Animal use in Medical Research
The use of animals in medical researches has saved and also improved the quality of lives of many people and animals as well. Medicines, techniques and procedures currently used in diagnosing and curing diseases have been made easier by using animals in research.
This has greatly helped to understand how the body works. Most of these researches are conducted in universities, hospitals and other institutes to find cures that reduce the death of human beings and at the same time the animals themselves (Understanding Animal Research, 2010).
Initially, most deaths were occurred as a result of infections and diseases and it was not until 1900 that developments were made to put an end to the deaths due to the introduction of animal testing (Understanding Animal Research, 2010).
Major medical breakthroughs such as the discovery of anesthesia, artificial respiration, germ theory and the discovery of the AIDS causing virus have been arrived at as a result of animal testing (Understanding Animal Research, 2010). Medical research that uses animals should be continued as it aids in saving lives.

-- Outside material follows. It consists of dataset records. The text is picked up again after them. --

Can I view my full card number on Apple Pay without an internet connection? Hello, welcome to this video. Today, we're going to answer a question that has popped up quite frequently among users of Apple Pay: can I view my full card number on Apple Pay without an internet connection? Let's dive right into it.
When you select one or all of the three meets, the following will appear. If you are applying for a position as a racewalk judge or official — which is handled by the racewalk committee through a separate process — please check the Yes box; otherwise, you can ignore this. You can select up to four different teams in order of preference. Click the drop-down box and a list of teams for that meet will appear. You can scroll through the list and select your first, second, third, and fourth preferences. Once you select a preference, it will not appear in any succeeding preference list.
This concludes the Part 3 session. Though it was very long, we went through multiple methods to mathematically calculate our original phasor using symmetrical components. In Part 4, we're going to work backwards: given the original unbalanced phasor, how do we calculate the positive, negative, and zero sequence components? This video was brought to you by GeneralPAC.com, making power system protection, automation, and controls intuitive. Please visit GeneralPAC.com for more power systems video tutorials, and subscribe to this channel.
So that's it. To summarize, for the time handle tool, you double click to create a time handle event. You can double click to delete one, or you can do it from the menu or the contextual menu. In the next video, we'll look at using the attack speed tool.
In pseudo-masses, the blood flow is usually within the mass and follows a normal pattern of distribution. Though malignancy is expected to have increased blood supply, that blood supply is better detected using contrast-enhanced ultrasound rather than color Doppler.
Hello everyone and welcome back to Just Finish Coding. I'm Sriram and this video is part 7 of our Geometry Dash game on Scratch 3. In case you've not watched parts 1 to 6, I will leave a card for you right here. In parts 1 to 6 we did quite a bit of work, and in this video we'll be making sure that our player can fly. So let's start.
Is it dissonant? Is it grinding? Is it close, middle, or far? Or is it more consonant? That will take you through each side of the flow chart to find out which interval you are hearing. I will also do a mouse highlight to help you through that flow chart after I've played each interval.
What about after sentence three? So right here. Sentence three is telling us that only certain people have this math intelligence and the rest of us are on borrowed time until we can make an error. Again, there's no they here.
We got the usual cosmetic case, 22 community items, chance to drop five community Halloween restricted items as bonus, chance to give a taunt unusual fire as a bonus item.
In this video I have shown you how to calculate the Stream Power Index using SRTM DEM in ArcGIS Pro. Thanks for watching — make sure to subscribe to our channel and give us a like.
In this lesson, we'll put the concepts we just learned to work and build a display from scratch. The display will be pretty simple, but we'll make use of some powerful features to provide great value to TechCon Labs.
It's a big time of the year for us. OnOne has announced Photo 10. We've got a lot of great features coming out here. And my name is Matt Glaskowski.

Use of animals for medical research is cruel and immoral
Dissection of animals is also known as vivisection which can either be done either in part or completely and later the findings used in medical research (Monamy, 2000).
Alternatively, animal reactions to different substances can be monitored from their behavior. In his research, Monamy recognizes the use of animals in conducting experiments in medicine fields such as psychology, physiology, biology and improvements in medical technology.

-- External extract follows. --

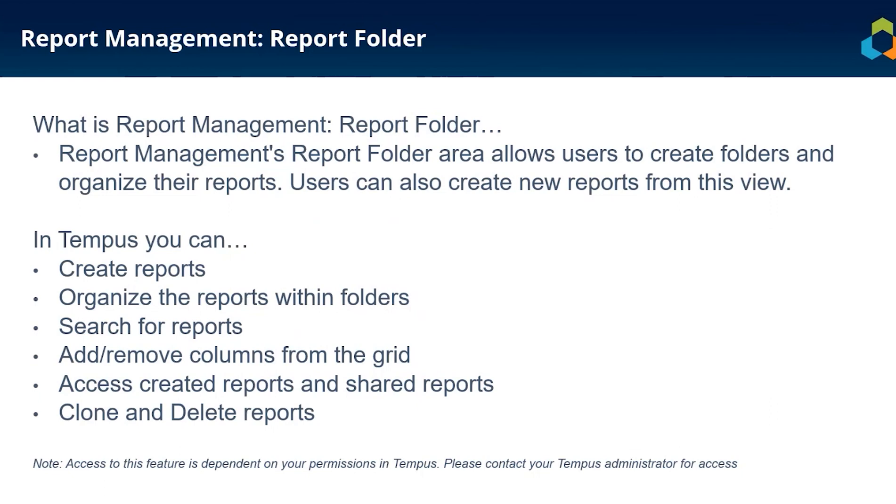In Tempest you can create reports, organize their reports within folders, search for reports, add and remove columns from the grid, access created reports and shared reports, and clone and delete reports.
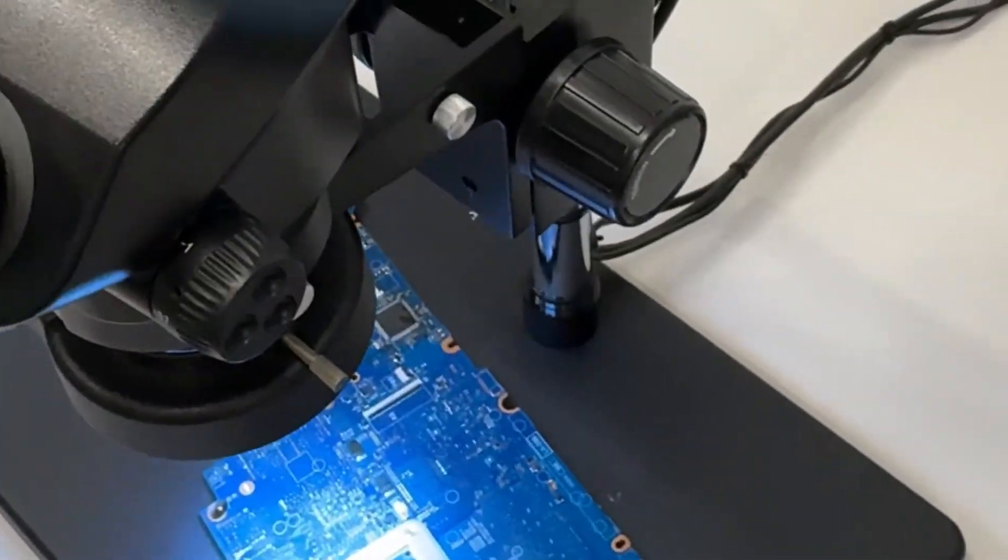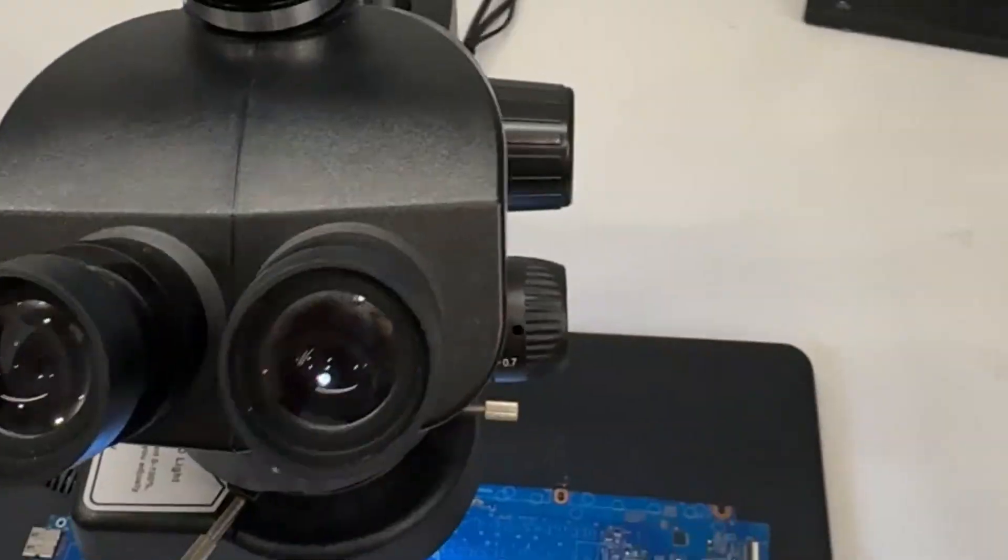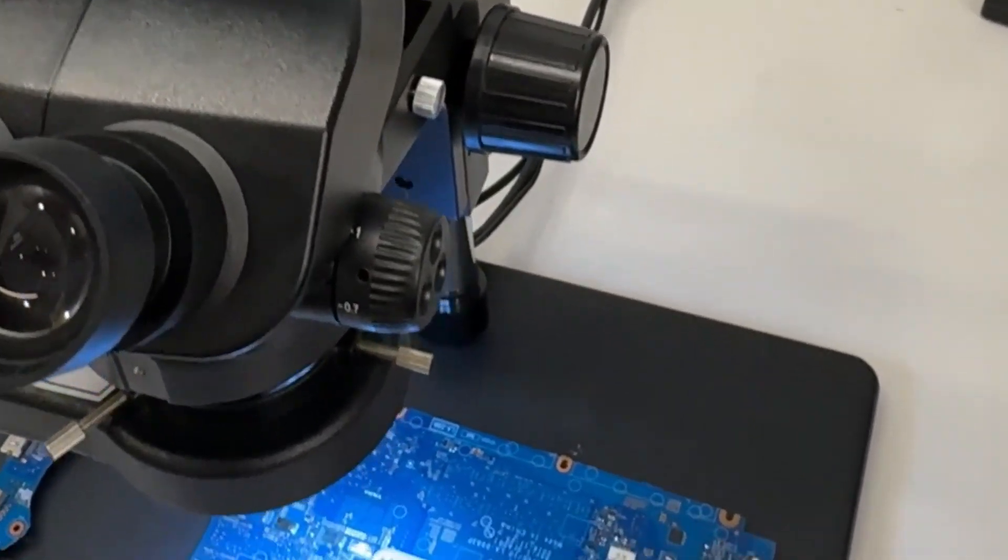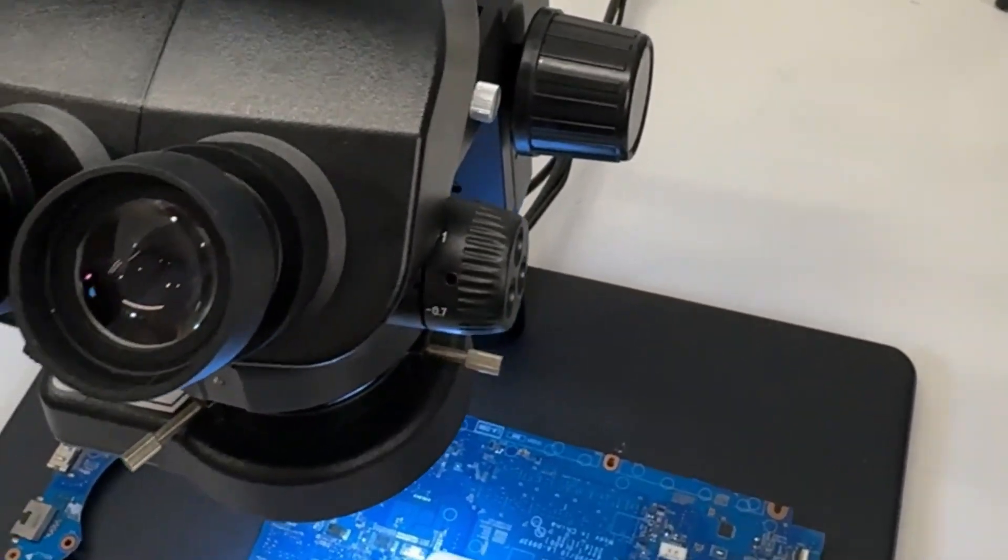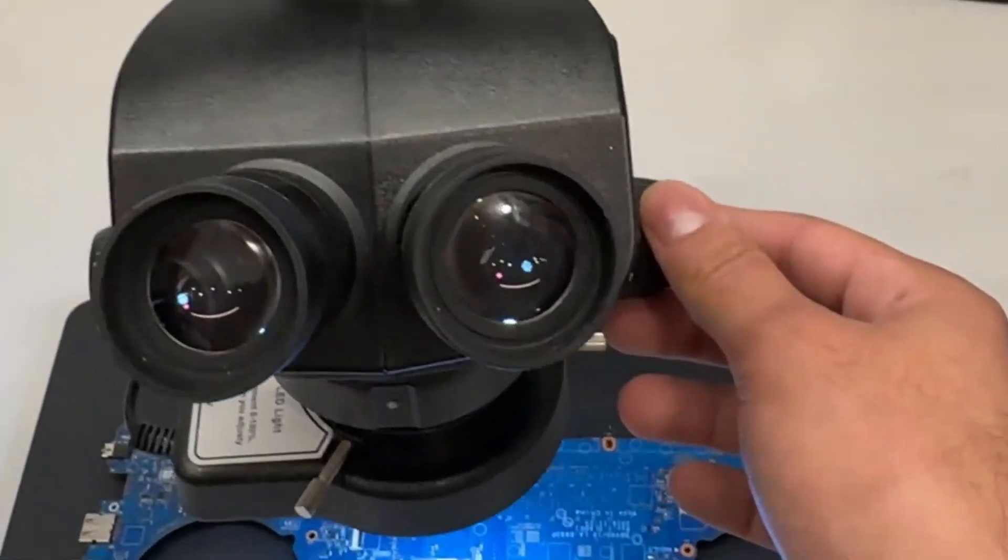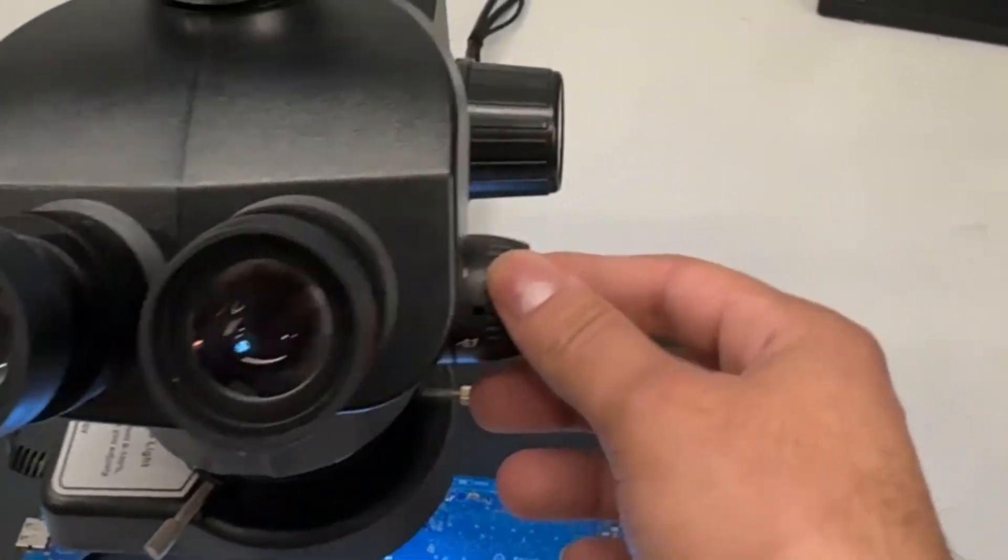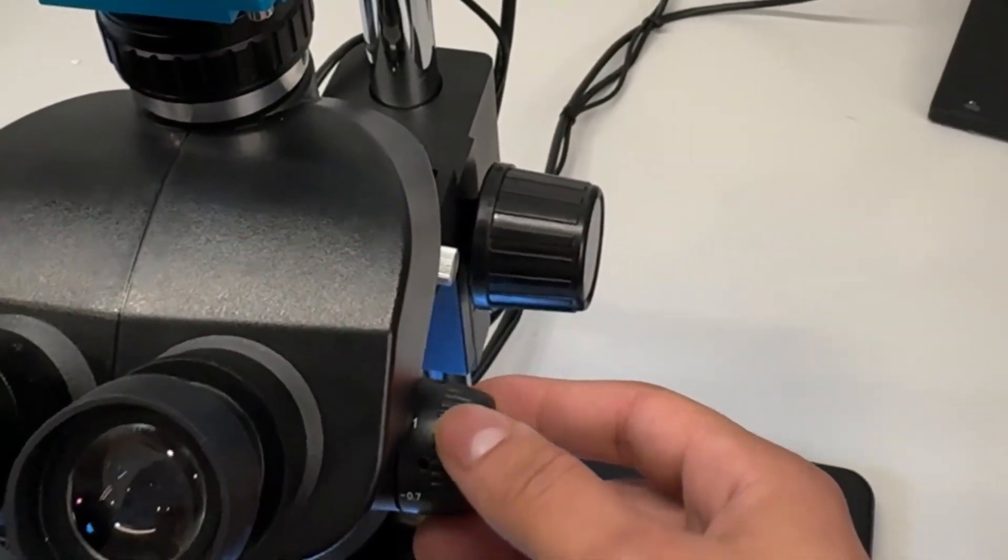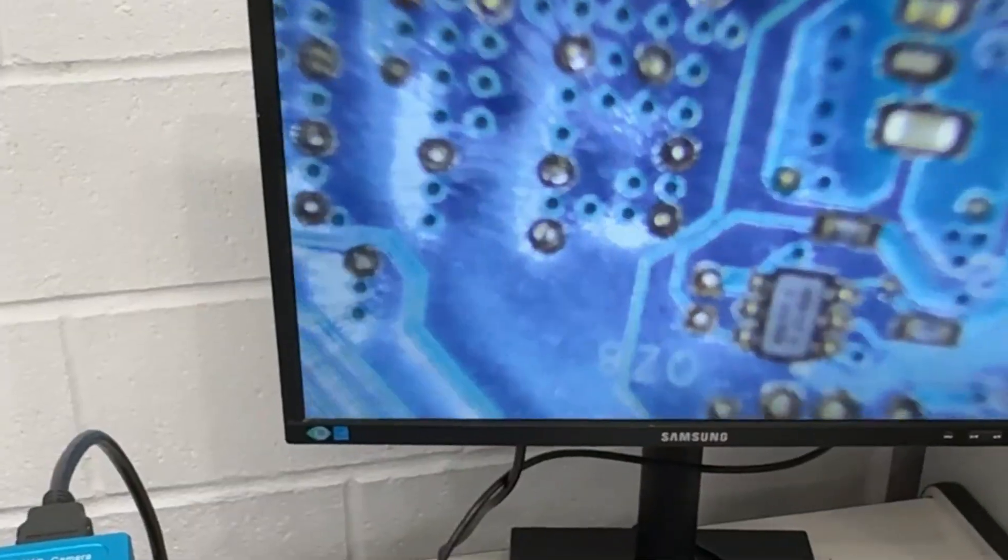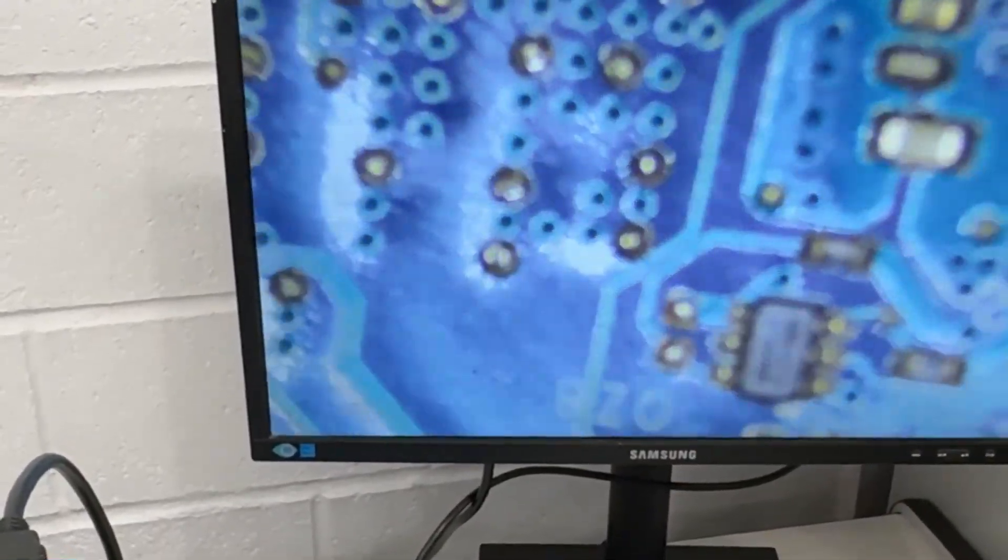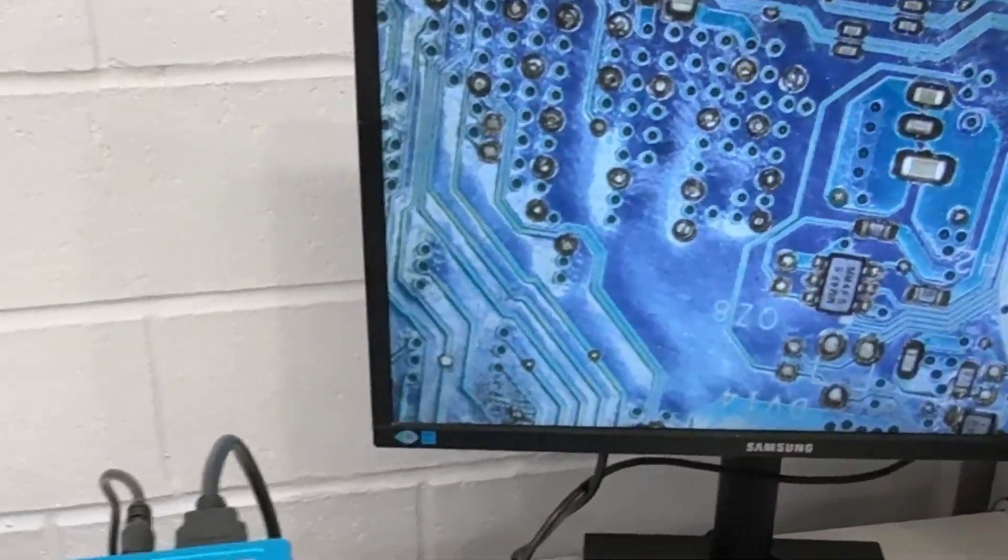So I forgot to mention about the zoom feature of this microscope. It works really well. Once you adjust all the focus points, which I'll explain shortly, it just works like a charm. You can zoom in, you can zoom out, it's amazing.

However, animal rights activists consider actions inflicted to animals in the process of research as a form of cruelty, terming the actions as against the moral obligations of human beings to animals. Animal rights campaigners claim that animals possess moral rights and thus it is wrong for human beings to use them for experimental purposes (White, 2008).
The findings of investigation on the morality of animals shows that a morally considerable creature as one that can be morally wronged. This is a capability that is generalized to be possessed by human beings despite there being no clear proof of any other animal with the same ability (Stanford encyclopedia of philosophy, 2003).

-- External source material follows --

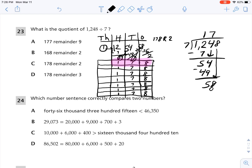7 goes into 58 eight times. 7 times 8 is 56. Subtract: 58 minus 56 is 2. That is my remainder. So the answer is 178 remainder 2. Both strategies gave me the same solution, which makes sense. The answer is C.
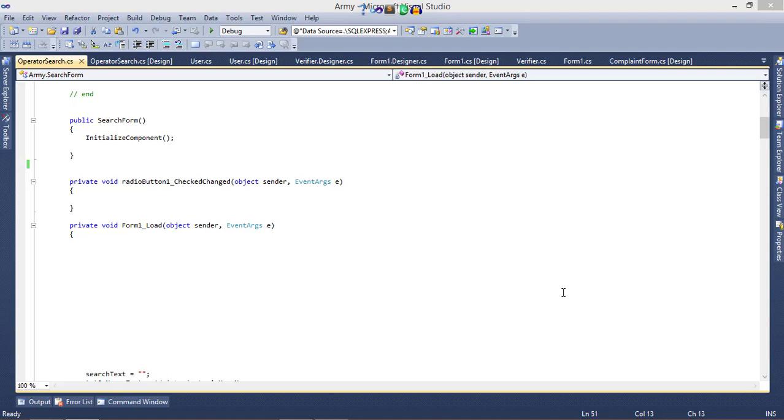Bismillahirrahmanirrahim. I am Raza Abad from Infotainers channel. In this video, I'm going to tell you how to remove screen flickering from your project. I'm using C#. The code I'm going to tell you can be used in any language.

According to Stanford encyclopedia of philosophy, a claim that human beings are more morally competent than animals grants them the ability to make decisions that affect both animals and human beings (2003). Also, this makes the human beings responsible for activities that enhance the dignity of all forms of life on earth.
It has led to the development of processes and substances that ensure that life is habitable for both human and non-human beings. In the light of this view, proponents of animal testing have continued to cite this as a reason for the execution of animal testing.
In contrast, there has been a revelation of animals exhibiting feelings, especially primates. They have social ties with each other. This was discovered by their abilities to show emotions when one of them died after being depressed (2003). Other animals too have been proven to demonstrate high degrees of mental sophistication (White, 2008).
In his book, Contemporary Moral Problems” White claims that this argument accords them the moral right to be respected and not to be used in experiments. Birds such as parrots, mynahs and magpies are seen to be mentally competent (2008, pp. 347).
More supporters of animal rights claim that animals have inherent value. Thus, they believe that every creature has the will to live its life free from pain or suffering like the one that may be caused by medical tests (Singer, 1975).
All beings are entitled to similar considerations in view of their capacity to be alive (Singer, 1975). In his book named “Animal liberation: a new ethics for our treatment of animals” Singer explains that the capacity of some animals of the group of higher vertebrates to feel pain must not be ignored. He relates it to the ability of human beings to feel the same and hence the need to respect moral rights of animals.
According to Singer, the fact that human beings continue to accord moral respect to retarded human beings and those considered to have lost their capacity for what is considered moral rights, is being unfair to animals. He adds that “lack of moral rigths” has led to animals being slaughtered for food and continously used in medical experiments (1975).